As part of Phase 2, wireless communication devices, called roadside units, will be installed along the Lee Roy Selmon Expressway Reversible Express Lanes (REL), Meridian Avenue, Channelside Drive, and other downtown roadways. Other devices, called onboard units, will be installed on 10 Hillsborough Area Regional Transit (HART) buses, 10 Tampa Electric Company (TECO) Line Streetcar System trolley cars, and 1,500 privately owned vehicles. Mobile apps will also be developed to enhance pedestrian safety. Roadside and onboard units will be able to communicate with each other and the mobile app to connect drivers, public transportation vehicles, and pedestrians.

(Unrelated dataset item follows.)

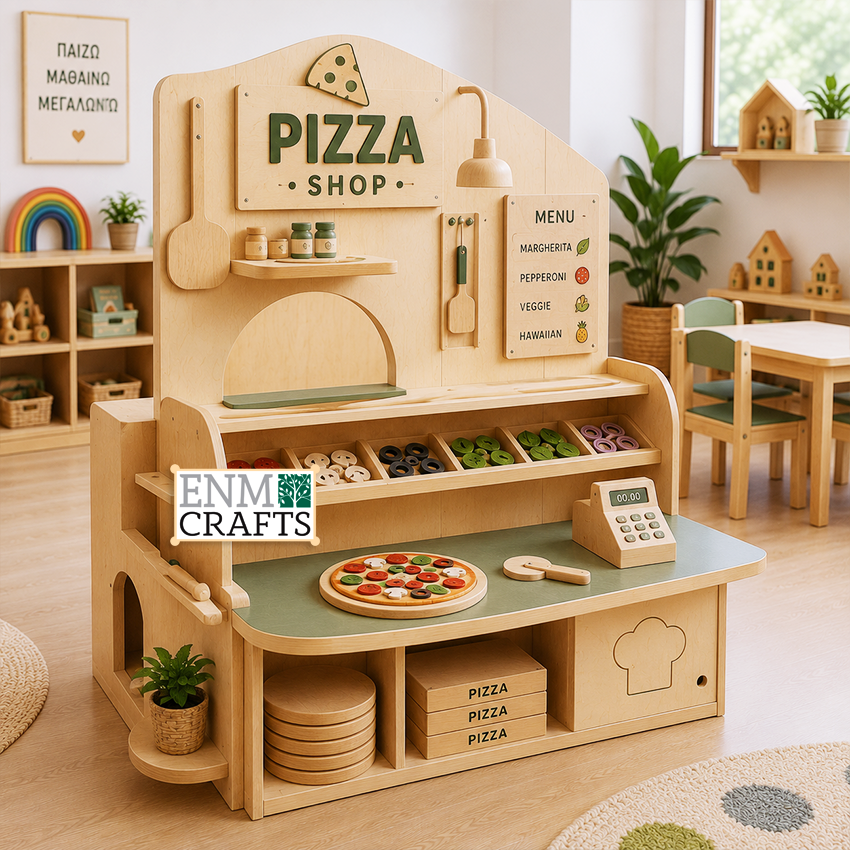 Pizza Shop Montessori Premium – Ξύλινο Κέντρο Παιχνιδιού Ρόλων Πιτσαρίας 9281
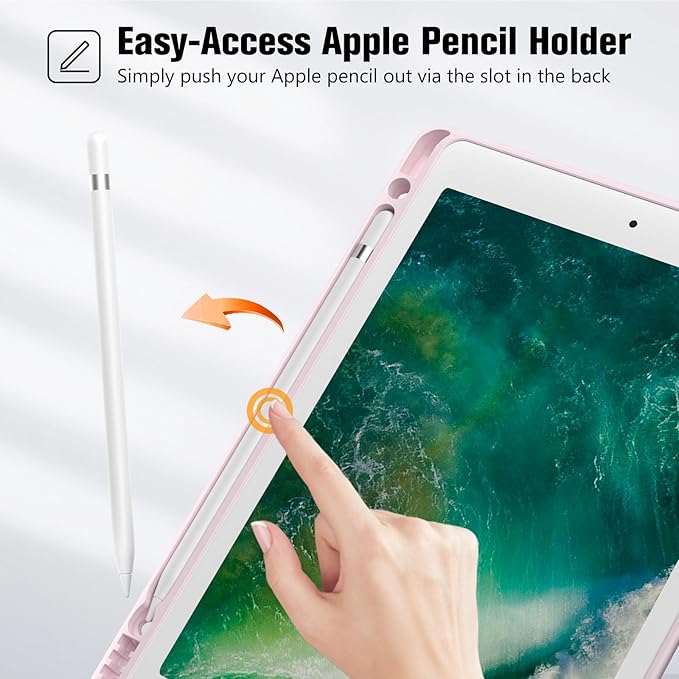 ProCase Smart Case for 10.5” iPad Air 3rd Generation 2019 / iPad Pro 2017, Slim Stand Cover with Pencil Holder Soft TPU Back for Air 3 -Light Pink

The CV Pilot Program aims to improve rush hour safety and congestion by alerting drivers on the REL of hazardous conditions, alerting drivers if they attempt to enter the REL in the wrong direction, and alert other drivers if a vehicle has entered the REL in the wrong direction; improve the safety and on-time performance of public transportation by allowing buses to communicate with traffic signals to allow for priority access to help arrive at bus stops on time and warning streetcar operators when a vehicle or pedestrian attempts to cross the tracks; improve traffic monitoring and flow by allowing the Traffic Management Center to monitor vehicle traffic in real time; and improve pedestrian safety through smart crosswalk paint that will alert drivers when a pedestrian enters a crosswalk and a mobile app that will alert pedestrians about oncoming traffic.
In the Fall, we will begin to recruit volunteer drivers to participate in the pilot program. This test period will be the final part of Phase 2 and an 18-month operational period, or Phase 3, is scheduled to conclude in late 2019.
We are excited to play our part in bringing Tampa to the forefront of transportation technology and making it easier and safer to commute around this great city.